Faculty and Staff Notes

Matthew Rarey Delivers the Distinguished Alumni Lecture at University of Wisconsin-Madison

On December 2, Associate Professor of Art History Matthew Rarey delivered the Distinguished Alumni Lecture at the University of Wisconsin-Madison Department of Art History, where he earned his PhD in 2014. Rarey's lecture, "Renaming the Fetish in the Eighteenth-Century African Atlantic," was simulcast on Zoom and is publicly available on the Department's YouTube channel.

Yveline Alexis Interviewed for "Teen Vogue"

Caroline Val of Teen Vogue interviewed Yveline Alexis for an article about the impact of anti-Haitian rhetoric.

Sergio Gutiérrez Negrón Launches Small Literary Press in Puerto Rico

Associate Professor of Hispanic Studies Sergio Gutierrez Negron cofounded the small literary press La pequeña, proyecto editorial.
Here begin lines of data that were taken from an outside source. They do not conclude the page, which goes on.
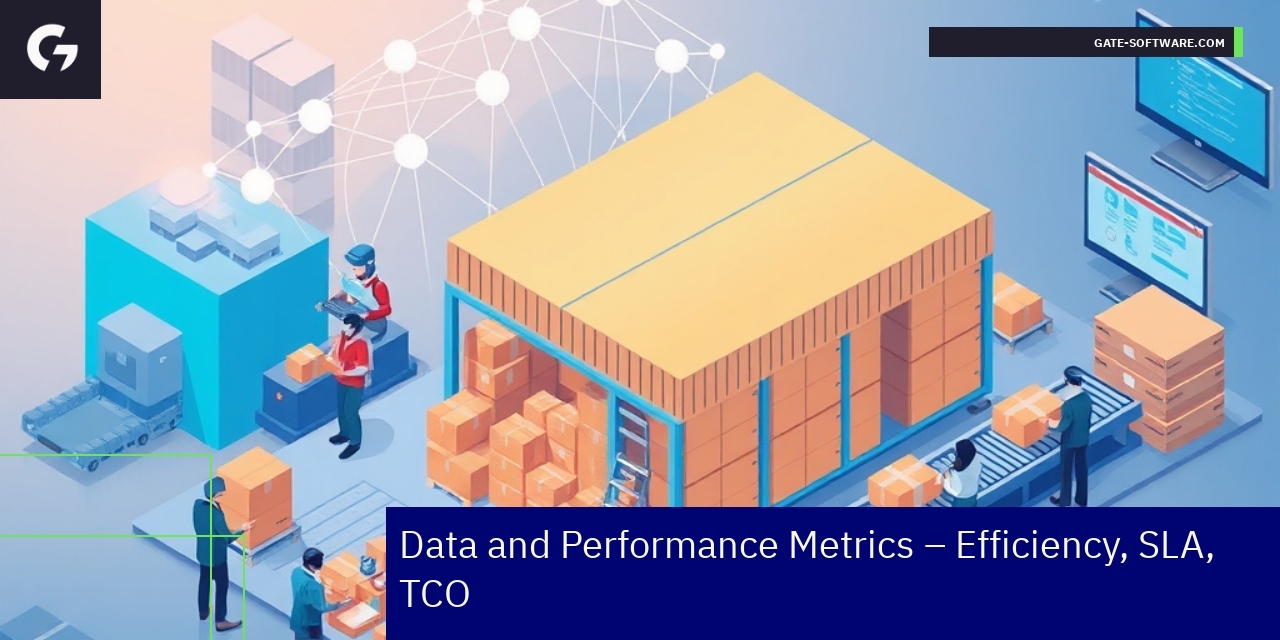 Chart showing Hyva project efficiency and uptime metrics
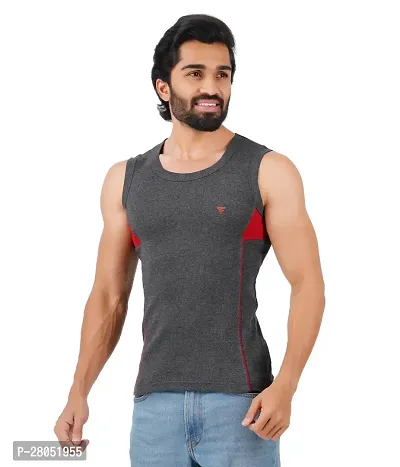 Modern Men's Premium Cotton Gym Vest-thumb2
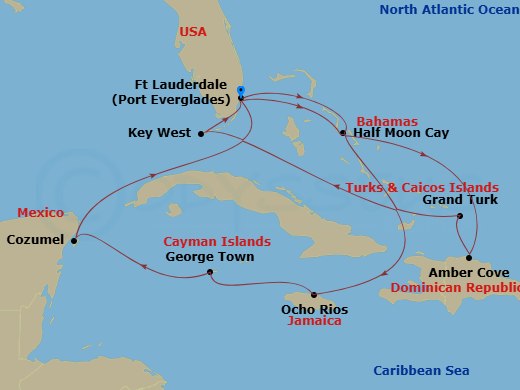 Cruise Map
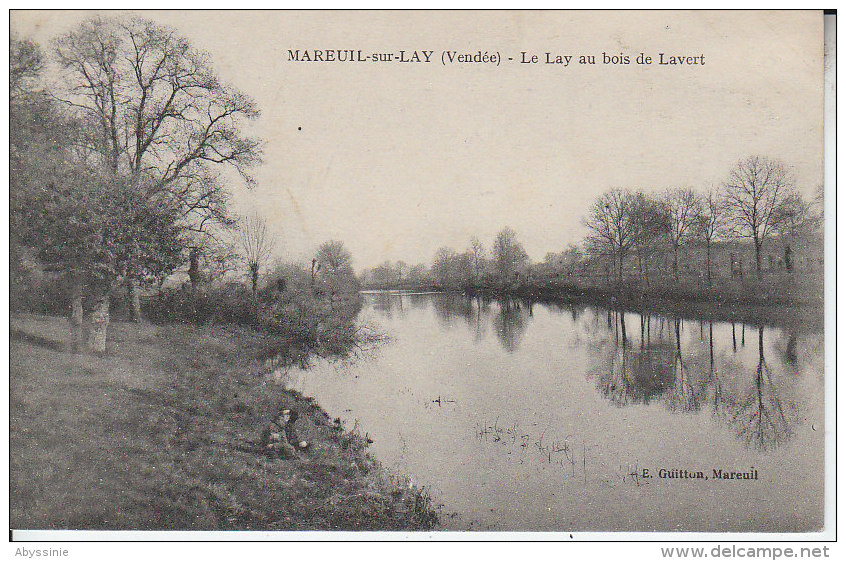 85 MAREUIL SUR LAY -  (animé) Le Lay Au Bois De Lavert - Guitton - D20 289 - Mareuil Sur Lay Dissais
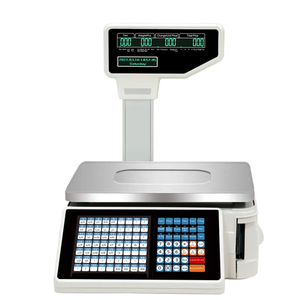 Báscula Digital Electrónica Veidt con Impresora de Códigos de Barras para Impresión de Etiquetas de Precios, Báscula de Peso para Supermercados y Comercios Minoristas - Product Image 1
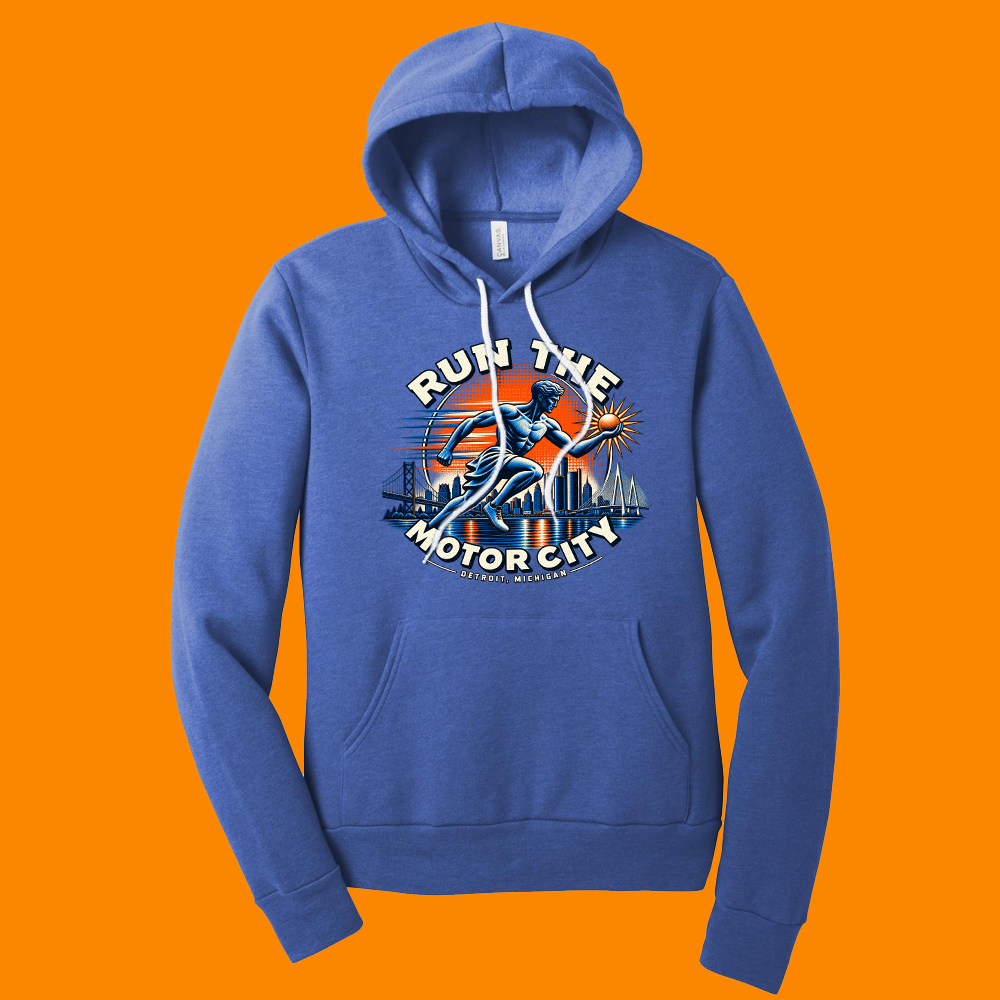 *PRE-ORDER* Run the Motor City - Bella Canvas - Super Soft Hooded Sweatshirt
The inaugural Fall 2024 catalog includes a memoir about Montserrat’s volcanic explosion in the 1990s written by author Yvonne Weekes; a novel by a 25 year-old Puerto Rican novelist, Daniel Rosa Hunter; and a literary travelogue by Mexican writer, Luis Felipe Lomelí. La pequeña will publish three books a year, spanning Puerto Rican, Caribbean, and Latin American literature.
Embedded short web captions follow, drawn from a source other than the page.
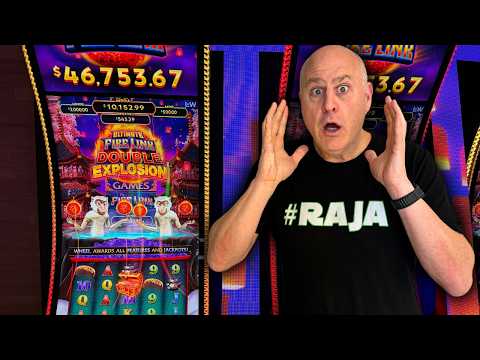MY BEST JACKPOT RUN EVER PLAYING MAX BET FIRE LINK DOUBLE EXPLOSION!!!!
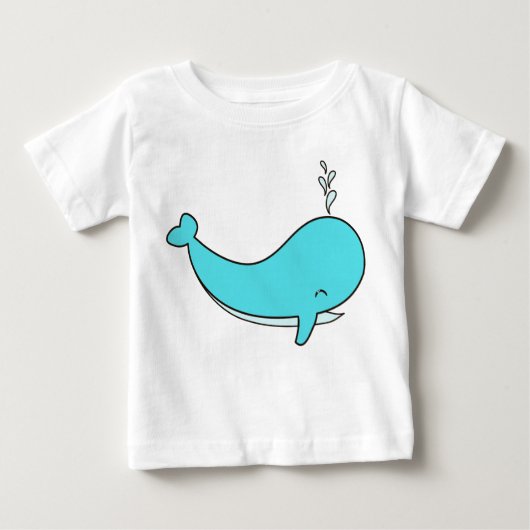 Whale, Sea, Water ベビーTシャツ (正面)
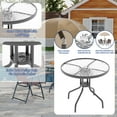 thumbnail image 2 of Studyset 6-Piece Patio Dining Set with Umbrella,Patio Table and 4 Folding Chairs,Outdoor Patio Set,Garden Patio Furniture Set With Umbrellas, Tempered Glass Top Dining Table, 2 of 8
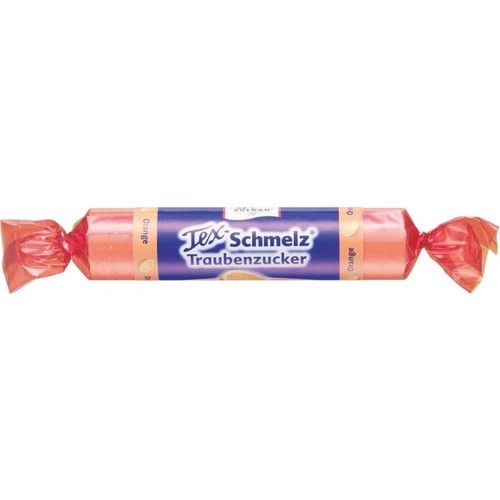 Soldan Tex Schmelz Traubenzucker Orange Rolle 33 Gramm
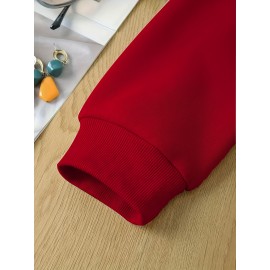 RUEPEI A Women's Lavender 100% Polyester Machine-Washable Sweatshirt - 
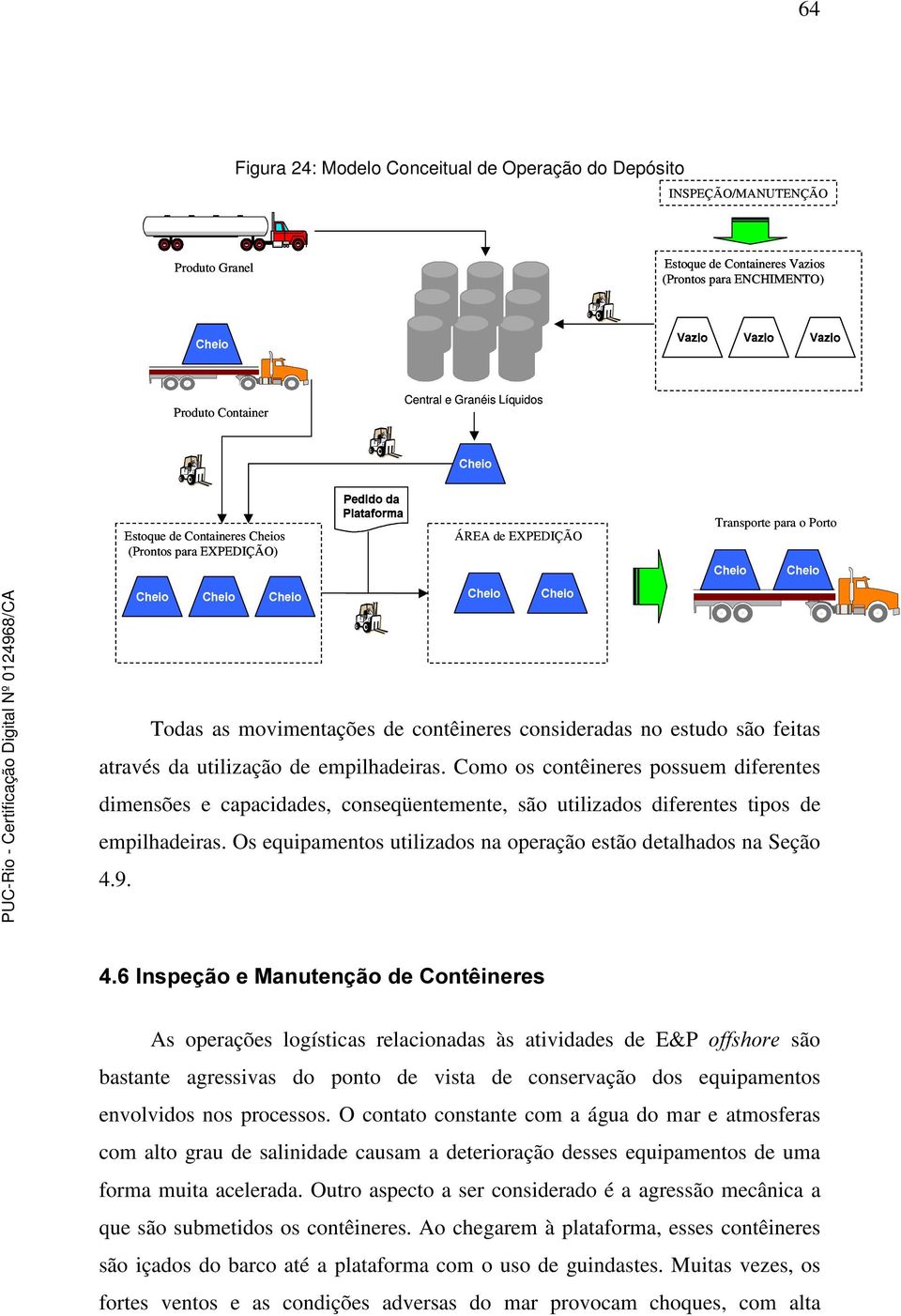 ÒÎÓ ÎÔ ÌqÕ Ö Î Î ÁREA de EXPEDIÇÃO ÈDÉ Ê Ë Ì ÈDÉ Ê Ë Ì Transporte para o Porto ÈDÉ Ê Ë Ì ÈDÉ ÊËÌ Todas as movimentações de contêineres consideradas no estudo são feitas através da utilização de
Asif Iqbal’s Article Published in "South Asia: Journal of South Asian Studies"

Visiting Assistant Professor in English and Mellon Postdoctoral Fellow in Postcolonial World Literature Asif Iqbal’s article, entitled “The East Pakistan-West Pakistan Entanglement: Gender, Politics and Postcolonial Development in Shawkat Ali’s Dhakkhinayoner Din,” has been published in South Asia: Journal of South Asian Studies. The article grew out of the British Academy Writing Workshop “Pakistan to Bangladesh, 1947–71.”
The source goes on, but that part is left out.